Il Ministero del Lavoro e delle Politiche Sociali con l’interpello n. 7 del 13 dicembre 2018 ha fornito una risposta ai chiarimenti richiesti dal Consiglio Nazionale degli Ingegneri circa l’interpretazione dell’art. 70, comma 2, del D.Lgs. 26 marzo 2001, n. 151. (Testo Unico in materia di tutela e sostegno della maternità e della paternità).

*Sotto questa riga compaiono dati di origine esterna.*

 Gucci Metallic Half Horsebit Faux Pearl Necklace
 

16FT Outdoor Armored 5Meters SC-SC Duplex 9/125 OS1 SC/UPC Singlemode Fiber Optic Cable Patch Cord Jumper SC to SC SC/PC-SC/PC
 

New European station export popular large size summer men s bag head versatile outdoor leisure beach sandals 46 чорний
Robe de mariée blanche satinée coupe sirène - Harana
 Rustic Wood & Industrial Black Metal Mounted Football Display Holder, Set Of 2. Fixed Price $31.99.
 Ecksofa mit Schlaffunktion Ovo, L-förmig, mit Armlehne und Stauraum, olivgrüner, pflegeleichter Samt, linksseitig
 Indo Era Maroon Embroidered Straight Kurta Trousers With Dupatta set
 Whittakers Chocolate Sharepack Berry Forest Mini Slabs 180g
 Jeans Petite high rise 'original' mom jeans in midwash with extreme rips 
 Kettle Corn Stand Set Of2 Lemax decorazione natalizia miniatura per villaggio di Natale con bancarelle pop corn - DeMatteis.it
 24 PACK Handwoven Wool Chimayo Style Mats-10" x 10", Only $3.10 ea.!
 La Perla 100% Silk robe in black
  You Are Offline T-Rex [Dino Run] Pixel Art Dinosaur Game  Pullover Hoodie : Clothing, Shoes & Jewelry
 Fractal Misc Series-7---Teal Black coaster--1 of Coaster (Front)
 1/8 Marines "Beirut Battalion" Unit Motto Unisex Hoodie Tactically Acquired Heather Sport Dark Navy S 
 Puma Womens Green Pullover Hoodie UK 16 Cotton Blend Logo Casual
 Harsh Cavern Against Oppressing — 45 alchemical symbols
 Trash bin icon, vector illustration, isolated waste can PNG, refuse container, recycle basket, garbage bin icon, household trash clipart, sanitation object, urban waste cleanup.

Tale articolo, come noto, riconosce alle lavoratrici libere professioniste iscritte a un ente che gestisce forme obbligatorie di previdenza un’indennità di maternità “in misura pari all’ 80 per cento di cinque dodicesimi del solo reddito professionale percepito e denunciato ai fini fiscali come reddito da lavoro autonomo”.
I chiarimenti richiesti dal Consiglio Nazionale degli Ingegneri ruotano intorno al concetto di “reddito professionale”. Nello specifico viene chiesto al Ministero quale reddito deve essere preso in considerazione ai fini del calcolo dell’indennità di maternità nell’ipotesi in cui la lavoratrice libera professionista, dopo aver svolto continuativamente un’attività lavorativa (o aver conseguito un titolo di studio) all’estero decida di fare rientro in Italia.
Il reddito “pieno” e cioè quello effettivamente percepito e denunciato dalla lavoratrice autonoma o il reddito “ridotto” frutto degli incentivi fiscali previsti dalla Legge per i lavoratori dipendenti o autonomi, cittadini dell’Unione europea, che decidono di fare rientro in Italia dopo un periodo di studio o lavoro all’estero?
Nella risposta all’interpello il Ministero chiarisce che la lavoratrice madre libera professionista ha diritto ad un’indennità di maternità calcolata sul reddito “pieno”. È solo prendendo in considerazione il reddito effettivamente percepito che si realizzano, infatti, “le tutele individuate dal legislatore nei confronti delle lavoratrici madri”.